1. A healthy, asymptomatic 56-year-old woman is diagnosed with a 1.9-cm invasive ductal carcinoma with lymphovascular involvement and two negative sentinel nodes. It is ER-negative, PR-negative, and HER2-positive. Prior to initiating adjuvant systemic therapy, you recommend the following tests:
- An ECHO cardiogram, bone scan and CT of the chest, abdomen and pelvis
- An ECHO cardiogram and PET/CT
- An ECHO cardiogram
- An ECHO cardiogram, PET/CT and MRI of the brain
2. A 74-year-old man presents with left cervical adenopathy and drenching night sweats over a duration of 3 months. He has lost 20 lbs over the past 3 weeks. The patient undergoes an excisional left supraclavicular lymph node biopsy and this confirms a diffuse large B-cell lymphoma that is CD20+. Positron emission tomography scan reveals activity in the mediastinum and para-aortic lymph nodes. A bone marrow biopsy is negative for lymphomatous involvement. Laboratory studies indicate his WBC is 7.3 K/µL, his hemoglobin is 12.0 g/dL, and his platelet count is 175,000 K/µL. Lactate dehydrogenase is 450 µL. Creatinine is 0.8 mg/dL. The patient is very functional, independent, and has no comorbidities. He plays golf twice weekly and is very keen on preserving his quality of life.
Which of the following do you recommend?
- Involved field radiation therapy to the left neck
- Cyclophosphamide, doxorubicin, vincristine, and prednisone (CHOP) for six cycles
- Dose-attenuated CHOP plus rituximab for four cycles followed by radiation to the left neck
- CHOP plus rituximab for six cycles
The likelihood of presenting with distant metastasis when diagnosed with stage I disease (T1c, N0) is less than 1%, therefore extensive radiographic studies for staging are not indicated in an asymptomatic patient. Given this patient’s hormone receptor–negative and HER2-positive disease, a trastuzumab-containing regimen should be offered as adjuvant therapy. Trastuzumab carries a risk of congestive heart failure; therefore, baseline ECHO cardiograms are indicated and are repeated during adjuvant treatment.
Perez EA, Romond EH, Suman VJ, et al. Four-year follow-up of trastuzumab plus adjuvant chemotherapy for operable human epidermal growth factor receptor 2-positive breast cancer: joint analysis of data from NCCTG N9831 and NSABP B-31. J Clin Oncol. 2011;29:3366-3373. PMID: 21768458.

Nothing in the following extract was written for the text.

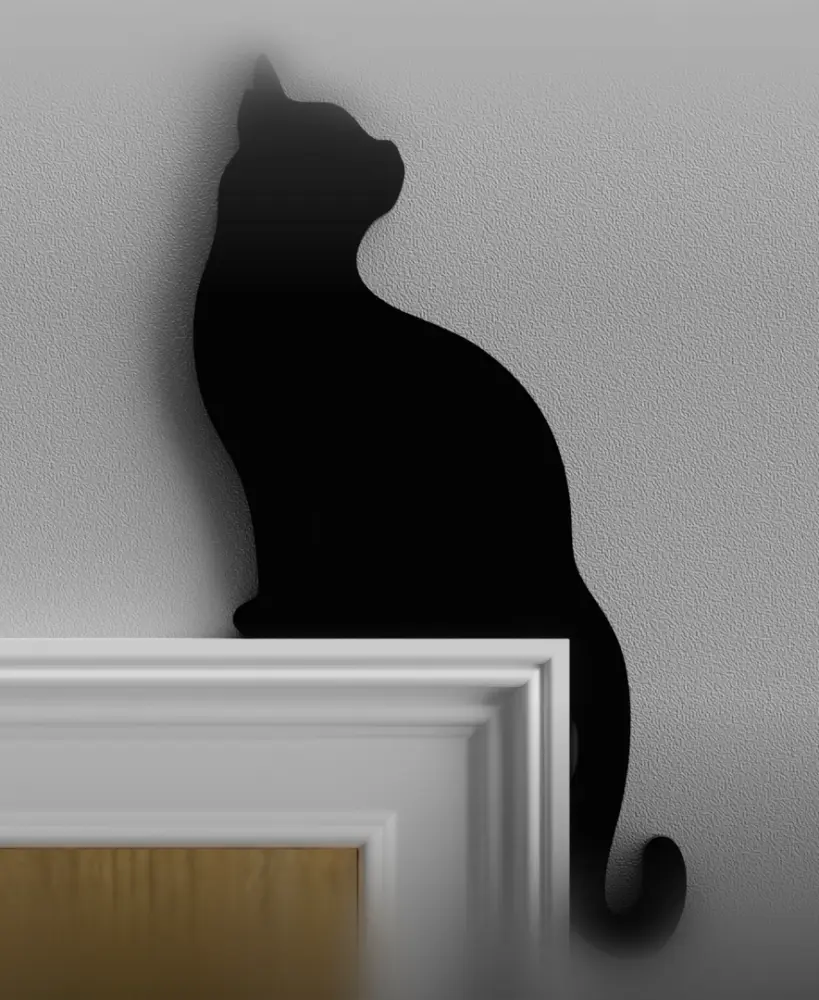 Black Cat Door Topper 3d model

The patient has at least stage III diffuse large B-cell lymphoma and thus has no indication for local field radiation. The practice-changing GELA study in patients with diffuse B-cell lymphoma has been conducted in patients age 60 to 80 and compared CHOP with CHOP plus rituximab (R-CHOP). The patients who received R-CHOP had a higher complete response rate (76% vs. 63%), 2-year event-free survival, and overall survival, thus making R-CHOP the standard of care for this group of patients.
Coiffier B, Lepage E, Briere J, et al. CHOP chemotherapy plus rituximab compared with CHOP alone in elderly patients with diffuse large-B-Cell lymphoma. N Engl J Med. 2002;346:235-242. PMID: 11807147.